ASSIGNMENT
In the records below, find the line that contains "Photo 12 VIN: 1FMSK7KH4NGB34230" and the line that contains "quần culottes denim áo boots cao cổ zara", then retype exactly those two lines and every line between them.

[Start of Attachment]

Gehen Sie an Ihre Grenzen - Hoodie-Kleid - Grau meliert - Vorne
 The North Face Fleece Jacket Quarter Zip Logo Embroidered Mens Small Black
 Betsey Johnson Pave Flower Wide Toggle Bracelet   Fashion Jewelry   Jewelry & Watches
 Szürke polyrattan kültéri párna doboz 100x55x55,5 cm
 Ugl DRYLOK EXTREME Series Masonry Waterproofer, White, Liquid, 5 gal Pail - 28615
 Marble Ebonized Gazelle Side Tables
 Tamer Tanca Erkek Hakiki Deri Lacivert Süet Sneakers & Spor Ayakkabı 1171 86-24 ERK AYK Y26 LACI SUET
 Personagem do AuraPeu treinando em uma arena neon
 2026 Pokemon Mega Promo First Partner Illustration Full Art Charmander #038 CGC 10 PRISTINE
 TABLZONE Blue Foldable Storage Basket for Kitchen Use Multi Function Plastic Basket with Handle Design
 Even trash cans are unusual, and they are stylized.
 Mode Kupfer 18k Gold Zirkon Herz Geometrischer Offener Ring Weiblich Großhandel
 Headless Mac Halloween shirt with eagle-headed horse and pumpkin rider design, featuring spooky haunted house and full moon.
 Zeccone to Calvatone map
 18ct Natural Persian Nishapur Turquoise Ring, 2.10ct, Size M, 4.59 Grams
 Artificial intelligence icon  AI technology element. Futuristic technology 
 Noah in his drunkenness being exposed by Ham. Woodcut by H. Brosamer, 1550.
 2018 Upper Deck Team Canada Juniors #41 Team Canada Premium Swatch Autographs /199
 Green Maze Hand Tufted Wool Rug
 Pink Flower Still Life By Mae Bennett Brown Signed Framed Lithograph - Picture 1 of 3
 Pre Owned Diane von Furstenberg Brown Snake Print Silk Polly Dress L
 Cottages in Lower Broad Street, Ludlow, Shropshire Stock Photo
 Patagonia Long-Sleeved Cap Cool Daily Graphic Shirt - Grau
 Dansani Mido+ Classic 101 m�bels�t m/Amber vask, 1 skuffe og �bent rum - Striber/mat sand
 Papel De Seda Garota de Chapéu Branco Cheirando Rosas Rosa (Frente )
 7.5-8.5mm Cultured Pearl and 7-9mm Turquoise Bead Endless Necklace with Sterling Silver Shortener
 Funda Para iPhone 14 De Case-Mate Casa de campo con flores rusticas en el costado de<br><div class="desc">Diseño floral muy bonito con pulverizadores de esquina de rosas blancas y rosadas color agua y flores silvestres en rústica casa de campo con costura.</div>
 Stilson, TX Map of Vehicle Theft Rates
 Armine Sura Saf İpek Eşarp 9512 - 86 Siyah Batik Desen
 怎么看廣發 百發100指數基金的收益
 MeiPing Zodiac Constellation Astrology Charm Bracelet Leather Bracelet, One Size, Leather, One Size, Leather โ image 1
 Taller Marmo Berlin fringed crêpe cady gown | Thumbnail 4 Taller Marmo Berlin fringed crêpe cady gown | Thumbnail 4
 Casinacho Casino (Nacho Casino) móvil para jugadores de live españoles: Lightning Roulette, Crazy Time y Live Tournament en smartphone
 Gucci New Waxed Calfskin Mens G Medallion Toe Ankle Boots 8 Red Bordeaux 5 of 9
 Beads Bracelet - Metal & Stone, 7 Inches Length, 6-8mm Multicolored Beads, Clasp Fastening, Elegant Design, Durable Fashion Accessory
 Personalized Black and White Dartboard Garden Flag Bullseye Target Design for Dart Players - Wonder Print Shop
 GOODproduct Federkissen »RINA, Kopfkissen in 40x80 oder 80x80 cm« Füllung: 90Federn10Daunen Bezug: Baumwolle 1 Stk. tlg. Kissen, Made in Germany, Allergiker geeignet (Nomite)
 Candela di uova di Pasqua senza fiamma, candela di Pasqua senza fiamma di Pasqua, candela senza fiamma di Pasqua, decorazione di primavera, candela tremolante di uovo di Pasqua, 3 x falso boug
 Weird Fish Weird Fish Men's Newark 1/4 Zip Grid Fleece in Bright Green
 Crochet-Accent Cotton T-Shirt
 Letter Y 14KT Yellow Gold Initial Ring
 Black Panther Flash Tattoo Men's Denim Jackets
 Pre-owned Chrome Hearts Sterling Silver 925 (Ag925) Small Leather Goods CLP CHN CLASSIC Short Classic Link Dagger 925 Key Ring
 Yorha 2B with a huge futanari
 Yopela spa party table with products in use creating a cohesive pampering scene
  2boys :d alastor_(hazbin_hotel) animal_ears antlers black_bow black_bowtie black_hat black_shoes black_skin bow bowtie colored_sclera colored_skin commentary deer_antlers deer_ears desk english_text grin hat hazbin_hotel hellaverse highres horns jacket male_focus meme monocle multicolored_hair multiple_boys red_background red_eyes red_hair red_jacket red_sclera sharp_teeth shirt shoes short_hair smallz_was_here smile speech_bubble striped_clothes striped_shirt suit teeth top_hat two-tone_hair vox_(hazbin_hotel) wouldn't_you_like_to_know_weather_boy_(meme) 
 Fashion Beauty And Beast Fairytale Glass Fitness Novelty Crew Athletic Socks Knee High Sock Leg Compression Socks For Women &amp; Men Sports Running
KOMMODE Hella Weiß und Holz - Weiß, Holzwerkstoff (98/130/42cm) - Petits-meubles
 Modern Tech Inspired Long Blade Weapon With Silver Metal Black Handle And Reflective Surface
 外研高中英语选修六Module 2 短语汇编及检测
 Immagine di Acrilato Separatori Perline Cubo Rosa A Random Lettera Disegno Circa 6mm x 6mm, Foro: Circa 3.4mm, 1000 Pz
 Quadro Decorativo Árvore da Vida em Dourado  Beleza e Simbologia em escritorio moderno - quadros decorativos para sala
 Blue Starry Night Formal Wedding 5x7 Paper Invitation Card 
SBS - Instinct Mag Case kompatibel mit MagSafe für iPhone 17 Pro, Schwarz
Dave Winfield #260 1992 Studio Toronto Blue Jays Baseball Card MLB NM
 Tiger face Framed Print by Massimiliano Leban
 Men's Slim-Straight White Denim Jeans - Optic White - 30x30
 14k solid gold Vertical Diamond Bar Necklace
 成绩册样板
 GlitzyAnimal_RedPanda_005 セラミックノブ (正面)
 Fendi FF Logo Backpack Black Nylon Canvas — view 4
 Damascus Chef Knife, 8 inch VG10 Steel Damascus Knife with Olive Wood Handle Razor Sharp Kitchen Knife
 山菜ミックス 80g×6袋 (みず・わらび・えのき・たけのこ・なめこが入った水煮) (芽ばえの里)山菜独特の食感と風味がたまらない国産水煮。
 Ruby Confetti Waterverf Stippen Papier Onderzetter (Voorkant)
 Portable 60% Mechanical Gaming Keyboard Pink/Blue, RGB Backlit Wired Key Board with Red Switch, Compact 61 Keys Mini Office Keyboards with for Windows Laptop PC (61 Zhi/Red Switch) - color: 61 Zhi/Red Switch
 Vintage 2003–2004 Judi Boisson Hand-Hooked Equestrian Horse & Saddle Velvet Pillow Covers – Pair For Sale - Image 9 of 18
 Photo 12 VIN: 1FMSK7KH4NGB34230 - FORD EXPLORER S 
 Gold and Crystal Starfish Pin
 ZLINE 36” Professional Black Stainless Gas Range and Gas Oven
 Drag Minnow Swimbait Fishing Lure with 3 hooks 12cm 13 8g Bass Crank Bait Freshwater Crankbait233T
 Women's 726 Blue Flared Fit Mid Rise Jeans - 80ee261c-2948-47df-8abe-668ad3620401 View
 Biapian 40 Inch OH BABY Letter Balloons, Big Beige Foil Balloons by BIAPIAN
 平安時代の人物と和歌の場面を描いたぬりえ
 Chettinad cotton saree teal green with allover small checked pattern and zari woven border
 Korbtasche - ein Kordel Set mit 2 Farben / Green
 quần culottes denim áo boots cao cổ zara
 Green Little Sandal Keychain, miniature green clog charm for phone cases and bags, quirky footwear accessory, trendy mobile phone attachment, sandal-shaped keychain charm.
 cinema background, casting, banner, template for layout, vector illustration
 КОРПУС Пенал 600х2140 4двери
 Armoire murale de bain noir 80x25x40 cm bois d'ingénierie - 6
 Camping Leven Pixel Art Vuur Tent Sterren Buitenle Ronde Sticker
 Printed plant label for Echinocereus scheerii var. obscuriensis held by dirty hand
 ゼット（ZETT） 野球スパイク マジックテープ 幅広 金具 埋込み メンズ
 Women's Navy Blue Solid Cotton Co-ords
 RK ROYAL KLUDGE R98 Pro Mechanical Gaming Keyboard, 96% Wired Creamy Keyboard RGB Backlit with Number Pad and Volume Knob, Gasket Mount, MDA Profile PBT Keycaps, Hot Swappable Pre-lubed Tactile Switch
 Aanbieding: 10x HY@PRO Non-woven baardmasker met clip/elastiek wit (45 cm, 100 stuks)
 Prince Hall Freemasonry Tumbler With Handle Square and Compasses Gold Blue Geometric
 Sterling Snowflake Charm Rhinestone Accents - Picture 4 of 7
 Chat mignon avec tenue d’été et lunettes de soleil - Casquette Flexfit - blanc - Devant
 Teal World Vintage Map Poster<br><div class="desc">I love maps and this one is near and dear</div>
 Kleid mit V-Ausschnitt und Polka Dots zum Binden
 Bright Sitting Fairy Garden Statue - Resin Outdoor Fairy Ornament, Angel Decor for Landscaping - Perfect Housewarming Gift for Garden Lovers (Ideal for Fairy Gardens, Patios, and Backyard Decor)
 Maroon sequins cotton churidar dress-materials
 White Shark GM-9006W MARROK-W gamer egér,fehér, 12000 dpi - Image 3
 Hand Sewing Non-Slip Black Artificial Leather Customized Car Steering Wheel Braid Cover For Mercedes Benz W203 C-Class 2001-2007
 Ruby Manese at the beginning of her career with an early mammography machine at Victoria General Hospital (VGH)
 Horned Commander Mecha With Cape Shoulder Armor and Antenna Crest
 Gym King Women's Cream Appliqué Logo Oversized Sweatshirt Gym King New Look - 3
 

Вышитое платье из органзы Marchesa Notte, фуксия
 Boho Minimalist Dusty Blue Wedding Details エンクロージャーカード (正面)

[End of Attachment]

TASK OUTPUT
 Photo 12 VIN: 1FMSK7KH4NGB34230 - FORD EXPLORER S 
 Gold and Crystal Starfish Pin
 ZLINE 36” Professional Black Stainless Gas Range and Gas Oven
 Drag Minnow Swimbait Fishing Lure with 3 hooks 12cm 13 8g Bass Crank Bait Freshwater Crankbait233T
 Women's 726 Blue Flared Fit Mid Rise Jeans - 80ee261c-2948-47df-8abe-668ad3620401 View
 Biapian 40 Inch OH BABY Letter Balloons, Big Beige Foil Balloons by BIAPIAN
 平安時代の人物と和歌の場面を描いたぬりえ
 Chettinad cotton saree teal green with allover small checked pattern and zari woven border
 Korbtasche - ein Kordel Set mit 2 Farben / Green
 quần culottes denim áo boots cao cổ zara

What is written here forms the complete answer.